The $953 million expected pre-tax profit is a result of the following factors:
- The steep premium increases taken from Alberta drivers in 2019 & 2020
- Declines in claim costs sustained by insurers for property damage claims, collision claims and comprehensive coverage claims, and continued stability in bodily injury claims, among other insurer cost decreases, and
- The short-term effects of COVID-19 which have included fewer drivers on the road and fewer accidents
The following breaks down the anticipated windfall for insurers:
Concern about profits is central to insurance company requests for insurance reform & rate hikes facing Albertans
Insurance companies have repeatedly claimed to the Alberta government that they are losing money and that provincial officials must make changes affecting the rights of Albertans if premiums are to stop escalating.

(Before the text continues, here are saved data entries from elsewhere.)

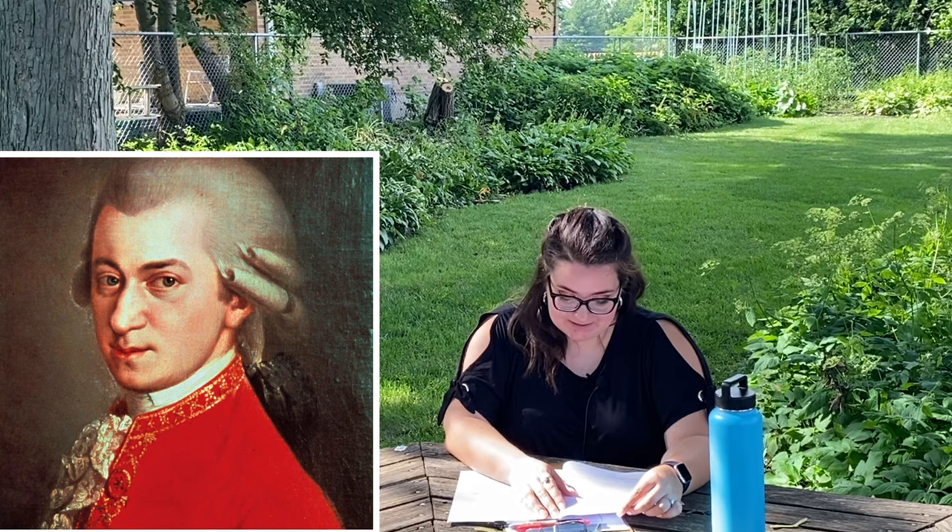Next we're going to talk about our composer of the day, who is Mozart. Wolfgang Amadeus Mozart — in full, Johann Christoph Wolfgang Amadeus Mozart — was born in Salzburg, Austria in 1756. Mozart was an Austrian composer who, unlike any other composer in musical history, wrote in all the musical genres of his day and excelled in every one. Usually composers are known for one genre — operas, concertos, sonatas, or symphonies — but Mozart was widely acclaimed across all genres of his era.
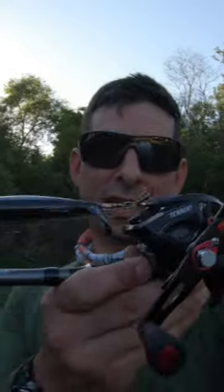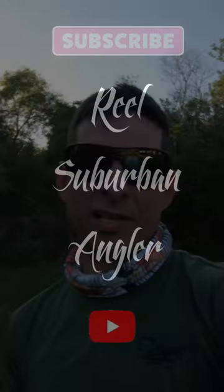Just letting you know that this is an awesome prop lure — works awesome for bass. Target those shade lines. Thanks a lot for watching this short video. See you guys around. Later.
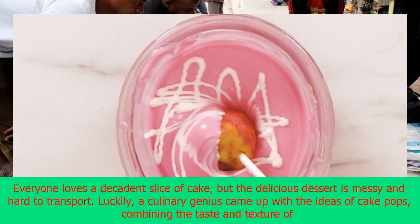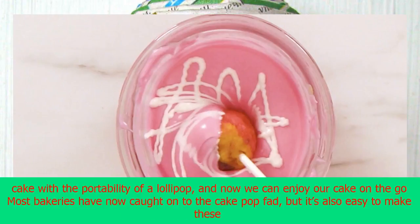Everyone loves a decadent slice of cake, but the delicious dessert is messy and hard to transport. Luckily, a culinary genius came up with the idea of cake pops, combining the taste and texture of cake with the portability of a lollipop, and now we can enjoy our cake on the go.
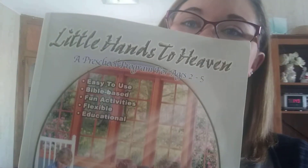But with my son — he is three years old and he kind of gets jealous of his big sister doing schoolwork. So even though I think three years old might be a little bit too young for preschool, we went ahead and purchased Little Hands to Heaven.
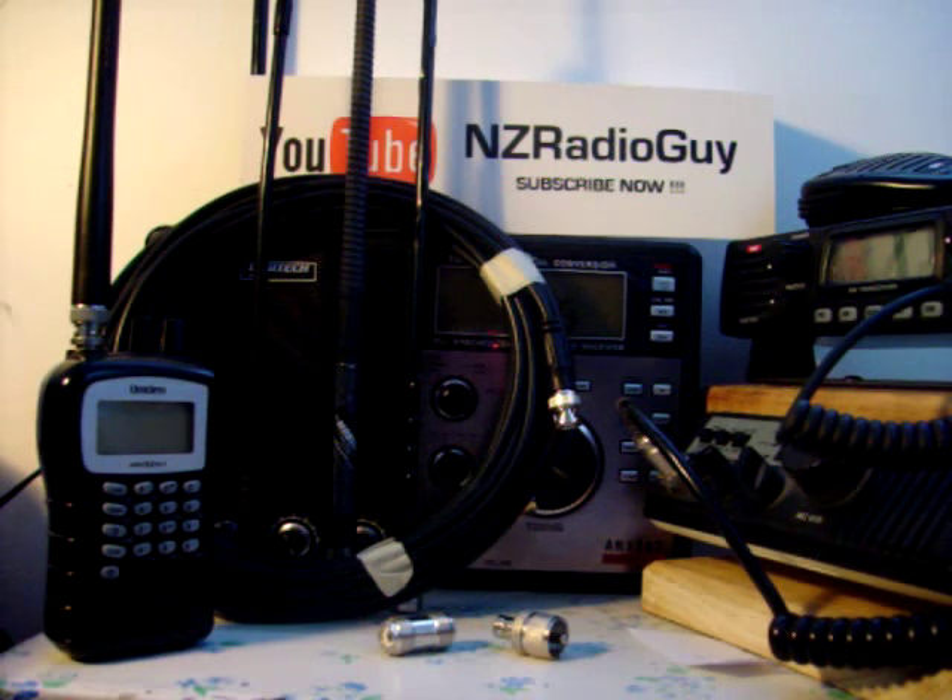Hello and welcome. This is the NZ Radio Guys YouTube video.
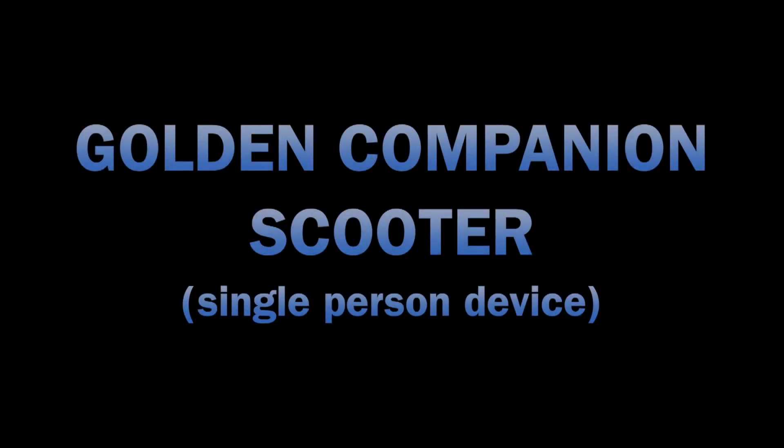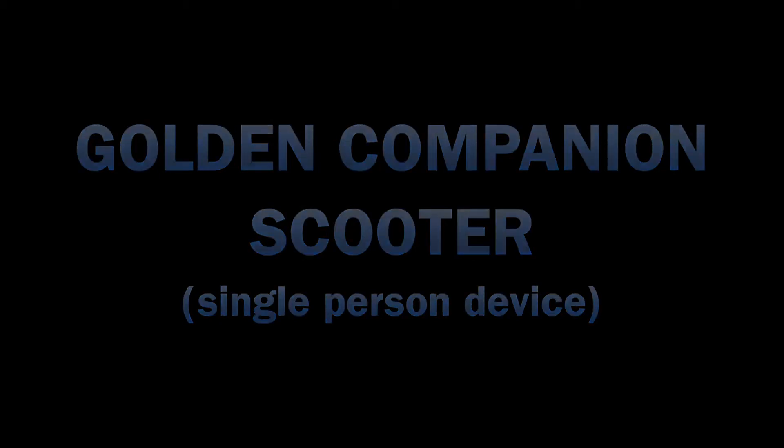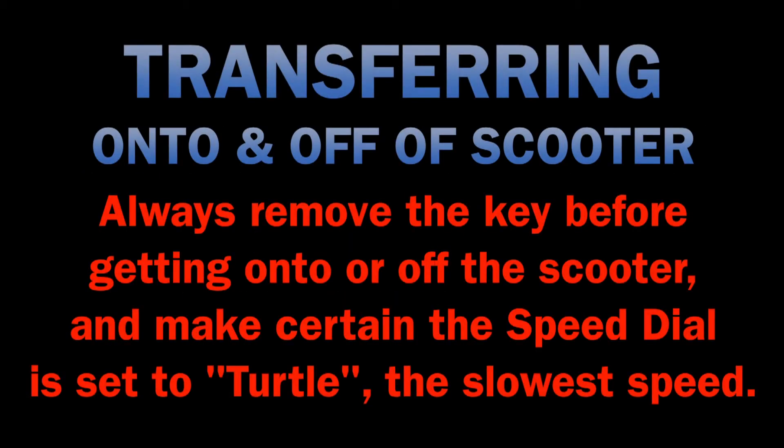Golden Companion Scooter. This is a single person device. Transferring onto and off of the scooter. Always remove the key before getting onto or off of the scooter, and make certain the speed dial is set to Turtle, the slowest speed.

Despite these claims that they’re losing money, this analysis, along with filings with the Alberta government show that Alberta’s insurers will be making hundreds of millions of dollars through 2019 and 2020.
It appears insurance industry lobbyists, having
found that no-fault auto insurance is unpopular with Albertans, now want to
change the legal definition of “minor injuries” to include chronic conditions
like concussions or traumatic brain injuries as a means to shortchange
Albertans and increase their profits.
These changes to Alberta’s insurance regulations are unfair to consumers, would cut out unbiased courts from settling insurance disputes, and would result in injured patients carrying more of the financial burden to support their recovery.
Essentially, insurance industry lobbyists want to regulate our rights away for their profit by getting the government to let them off the hook of compensating Albertans who get injured in an accident. The big problem is the Alberta government appears to be listening and time is running out to encourage the government to change course and put the rights of Albertans first ahead of corporate profits.